Le lendemain Bahamontes attaque pour se "venger" de Ruiz mais personne ne l'aide indiquant que de nombreux coureurs se seraient ligués contre lui. Il explique aussi que Jose Antonio Elola, à l'époque ministre des Sports au sein de la dictature de Franco, lui avait envoyé un télégramme lui disant de faire la course en faveur de Loroño. Mais il n'y a aucune preuve de ce qu'il dit. En tout cas, personne n'a retrouvé le télégramme.
Douzième étape : sur la route de Saragosse Bahamontes attaque et Loroño le suit. Les deux ralentissent et en viennent quasiment aux mains. La fédération espagnole dit à Puig de calmer les deux coureurs et menace de les exclure.

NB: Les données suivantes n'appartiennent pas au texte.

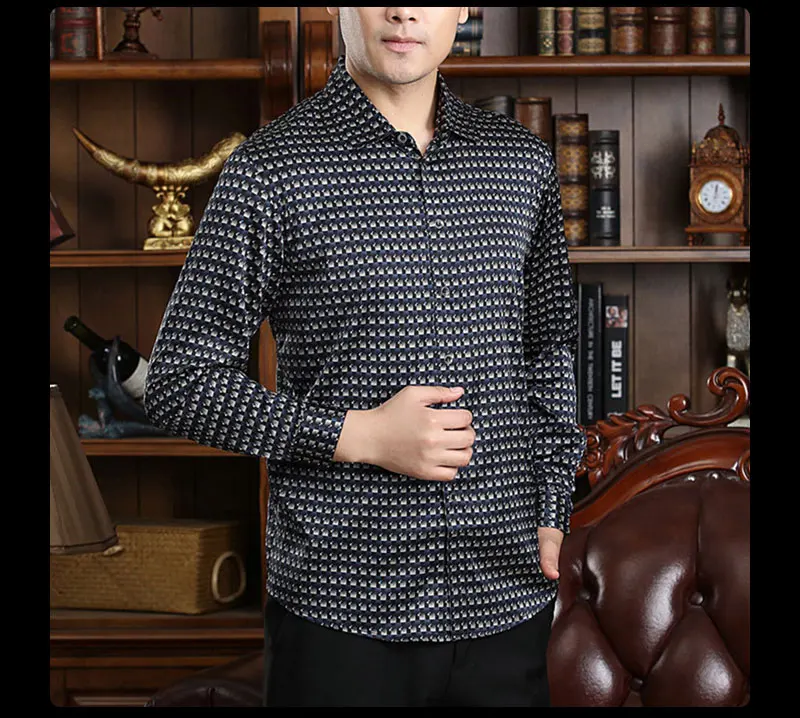 Летние мужские рубашки в клетку с геометрическим рисунком и длинным рукавом, деловые Стрейчевые рубашки из натурального шелка, chemise homm camiseta masculina LT2233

On parle ensuite du Pacte de Huesca : comme quoi Bahamontes devait laisser gagner Loroño. Loroño explique que c'est une histoire inventée et que Puig lui avait seulement dit de laisser Bahamontes passer en tête des GPM.
Mais en vérité Bahamontes a seulement attaqué pour prendre les points au sommet d'une côte. Il n'aurait pas apprécié que Loroño le suive. Lluis Puig va à la hauteur de Loroño et lui dit que s'il ne laisse pas partir Bahamontes, il lui bloque la route avec la voiture.

Suite au "Pacte de Huesca", Bahamontes décide de quitter la course la nuit mais son agent, Evaristo Murtra, lui remonte le moral et le dissuade de laisser Loroño remporter la course. La situation sera de nouveau tendue. Bernardo Ruiz explique que les deux coureurs s'insultent le reste de la course. Au final Loroño remportera la Vuelta 1957 malgré des attaques de Bahamontes.
Les tensions sont aussi bien présentes sur le Tour 1957 et 1958 et juste avant celui de 1959. Dalmacio Langarica, ami de Loroño, est celui qui dirige la sélection espagnole. Problème, Loroño, qui avait quand même un sale caractère, refuse d'être équipier pour Bahamontes. Du coup pour régler le problème, Langarica le dégage de la sélection. Résultat : Loroño et Langarica vont arrêter de se parler pendant 10 ans. D'ailleurs, il se prend 1 mois de suspension par la fédération espagnole pour avoir insulté Langarica.
Tu fais bien de préciser que cette édition a été organisée par El Pueblo Vasco. Il y a eu des affrontements entre les supporters de Bahamontes et de Loroño. Il y en a qui avait "attaqué" l'entraîneur de Bahamontes, apparemment c'était le père de Roberto Laiseka. Un autre aurait essayé de mettre le feu au bâtiment de la fédération espagnole lorsque Loroño est exclu de la sélection espagnole avant le Tour de France 1959. Bon, on peut penser que tout ça a été un peu accentué. D'ailleurs, aussi bien Loroño et Bahamontes, ont minimisé les faits après leur retraite.
Bref, une période du cyclisme espagnol très amusante à connaître 70 ans plus tard.